Sturzprävention in der Physiotherapie: So vermitteln Sie Patienten echte Sicherheit
Nach Angaben von Shaw Local laden Northern Rehab Physical Therapy Specialists und das Kishwaukee Family YMCA im US-amerikanischen Sycamore (Illinois) am 17. September zu einem Lunch-and-Learn zum Thema „Fall and Injury Prevention" ein.
Jörn Röttger, Physiotherapeut und Experte für evidenzbasierte Praxis·aktualisiert 17. September 2026

Geleitet wird die Veranstaltung von Physiotherapeutin Kristin Christian. Was als lokales Community-Format daherkommt, trifft einen Nerv, den wir aus jeder deutschen Praxis kennen: Stürze werden zu selten systematisch abgefragt, zu spät erkannt — und zu oft erst dann zum Thema, wenn die Hüfte schon gebrochen ist.

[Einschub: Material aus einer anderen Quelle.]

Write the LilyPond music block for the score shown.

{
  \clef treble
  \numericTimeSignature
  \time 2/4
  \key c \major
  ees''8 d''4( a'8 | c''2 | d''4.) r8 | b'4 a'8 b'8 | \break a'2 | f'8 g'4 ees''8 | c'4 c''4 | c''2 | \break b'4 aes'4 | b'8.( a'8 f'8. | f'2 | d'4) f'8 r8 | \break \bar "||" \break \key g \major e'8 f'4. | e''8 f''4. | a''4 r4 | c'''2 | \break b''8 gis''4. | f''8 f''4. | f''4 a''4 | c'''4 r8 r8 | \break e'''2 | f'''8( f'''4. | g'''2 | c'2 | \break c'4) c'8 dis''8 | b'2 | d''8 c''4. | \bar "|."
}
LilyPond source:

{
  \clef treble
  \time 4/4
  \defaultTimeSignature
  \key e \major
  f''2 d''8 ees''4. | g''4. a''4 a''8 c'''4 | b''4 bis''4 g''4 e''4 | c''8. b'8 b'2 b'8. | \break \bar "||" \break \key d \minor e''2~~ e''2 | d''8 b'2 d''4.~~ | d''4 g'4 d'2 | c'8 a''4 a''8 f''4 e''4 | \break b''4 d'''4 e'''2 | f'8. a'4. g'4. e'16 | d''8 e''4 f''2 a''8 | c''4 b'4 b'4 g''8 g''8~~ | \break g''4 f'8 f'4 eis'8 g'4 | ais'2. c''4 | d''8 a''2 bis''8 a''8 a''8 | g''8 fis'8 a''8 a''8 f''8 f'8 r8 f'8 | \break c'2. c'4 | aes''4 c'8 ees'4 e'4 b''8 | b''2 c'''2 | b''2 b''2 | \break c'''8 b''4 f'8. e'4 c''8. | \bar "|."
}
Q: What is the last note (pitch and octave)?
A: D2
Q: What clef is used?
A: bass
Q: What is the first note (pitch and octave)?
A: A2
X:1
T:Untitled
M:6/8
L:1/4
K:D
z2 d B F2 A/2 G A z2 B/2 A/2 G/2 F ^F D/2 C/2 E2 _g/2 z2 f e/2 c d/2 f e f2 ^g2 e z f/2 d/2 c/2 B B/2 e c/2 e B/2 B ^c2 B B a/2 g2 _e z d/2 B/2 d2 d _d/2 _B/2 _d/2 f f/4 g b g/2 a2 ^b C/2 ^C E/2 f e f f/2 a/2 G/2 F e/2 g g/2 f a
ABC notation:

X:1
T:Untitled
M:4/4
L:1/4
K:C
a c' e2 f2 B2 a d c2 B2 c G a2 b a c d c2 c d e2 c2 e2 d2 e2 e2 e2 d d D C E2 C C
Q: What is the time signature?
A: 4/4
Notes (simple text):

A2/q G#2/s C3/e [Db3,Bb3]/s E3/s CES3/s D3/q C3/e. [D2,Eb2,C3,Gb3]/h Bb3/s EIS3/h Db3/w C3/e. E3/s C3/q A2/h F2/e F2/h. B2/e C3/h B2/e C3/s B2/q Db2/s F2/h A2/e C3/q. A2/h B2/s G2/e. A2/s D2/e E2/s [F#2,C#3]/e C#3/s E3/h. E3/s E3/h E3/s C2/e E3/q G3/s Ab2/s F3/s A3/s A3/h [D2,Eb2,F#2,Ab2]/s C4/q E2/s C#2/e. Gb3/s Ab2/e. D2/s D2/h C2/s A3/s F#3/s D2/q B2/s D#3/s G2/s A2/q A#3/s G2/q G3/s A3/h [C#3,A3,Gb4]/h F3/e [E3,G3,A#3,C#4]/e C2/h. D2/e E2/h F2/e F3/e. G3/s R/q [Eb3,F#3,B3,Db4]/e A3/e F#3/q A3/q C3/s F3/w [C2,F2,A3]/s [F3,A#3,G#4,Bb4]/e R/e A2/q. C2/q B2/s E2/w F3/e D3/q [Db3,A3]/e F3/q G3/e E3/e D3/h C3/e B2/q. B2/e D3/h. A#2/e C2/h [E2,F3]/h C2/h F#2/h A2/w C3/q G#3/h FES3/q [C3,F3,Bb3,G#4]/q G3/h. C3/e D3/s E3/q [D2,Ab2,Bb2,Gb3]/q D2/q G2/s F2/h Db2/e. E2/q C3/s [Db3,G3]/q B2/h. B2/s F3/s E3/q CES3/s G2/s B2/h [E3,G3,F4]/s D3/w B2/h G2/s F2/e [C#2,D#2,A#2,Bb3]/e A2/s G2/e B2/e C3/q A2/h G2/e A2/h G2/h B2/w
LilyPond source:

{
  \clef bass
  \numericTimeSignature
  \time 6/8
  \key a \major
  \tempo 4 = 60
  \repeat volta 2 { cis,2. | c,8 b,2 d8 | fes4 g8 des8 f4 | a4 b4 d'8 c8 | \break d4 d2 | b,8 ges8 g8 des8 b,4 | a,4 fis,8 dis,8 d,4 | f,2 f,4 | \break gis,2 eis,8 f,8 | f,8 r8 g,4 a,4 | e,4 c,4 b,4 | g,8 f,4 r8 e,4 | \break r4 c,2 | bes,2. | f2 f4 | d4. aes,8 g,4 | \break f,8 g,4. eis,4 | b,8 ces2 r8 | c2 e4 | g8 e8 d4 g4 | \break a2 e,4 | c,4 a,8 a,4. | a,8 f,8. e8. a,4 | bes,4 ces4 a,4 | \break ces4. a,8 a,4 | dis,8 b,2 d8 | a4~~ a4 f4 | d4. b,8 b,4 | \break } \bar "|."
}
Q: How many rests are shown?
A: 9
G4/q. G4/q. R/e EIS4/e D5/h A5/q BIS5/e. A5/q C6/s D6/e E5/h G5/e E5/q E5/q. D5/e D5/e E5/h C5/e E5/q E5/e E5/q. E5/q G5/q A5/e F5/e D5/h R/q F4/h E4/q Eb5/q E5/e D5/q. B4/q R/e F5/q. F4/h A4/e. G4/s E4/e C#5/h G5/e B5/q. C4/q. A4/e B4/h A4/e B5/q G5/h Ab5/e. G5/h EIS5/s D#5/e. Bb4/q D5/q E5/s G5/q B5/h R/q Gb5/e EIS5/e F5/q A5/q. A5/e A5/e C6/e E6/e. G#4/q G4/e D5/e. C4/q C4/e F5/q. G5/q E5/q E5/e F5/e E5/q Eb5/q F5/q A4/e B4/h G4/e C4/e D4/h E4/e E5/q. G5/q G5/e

Was die US-Kollegen konkret vermitteln
Laut der Meldung lernen die Teilnehmer, Sturzrisikofaktoren zu identifizieren, die Folgen eines Sturzes realistisch einzuschätzen, bestehende Präventionsleitlinien anzuwenden und Balanceübungen umzusetzen, die das Risiko minimieren. Die Veranstaltung richtet sich ausdrücklich an die Allgemeinbevölkerung — Patienten, Angehörige, Senioren. Details zu Catering und Anmeldung interessieren hier nicht. Wichtig ist, was inhaltlich passiert: ein strukturiertes Screening, das Patienten ohne Fachjargon abholt und ihnen am Ende ein Werkzeug mitgibt, nicht nur einen Flyer.
Warum uns das mehr angeht als gedacht
Wir Therapeuten schieben Sturzprävention gerne in die Reha nach Fraktur oder Schlaganfall. In der orthopädischen Alltagsroutine bleibt das Thema unsichtbar, solange nichts passiert ist. Die US-Kollegen sind da ehrlicher: Sie benennen Risikofaktoren beim Namen, trainieren Balance konkret und machen aus Prävention kein Wellness-Versprechen, sondern eine klare Übungsanleitung. Genau das fehlt im deutschen Versorgungsalltag — nicht an Wissen, sondern an Konsequenz in der Anwendung.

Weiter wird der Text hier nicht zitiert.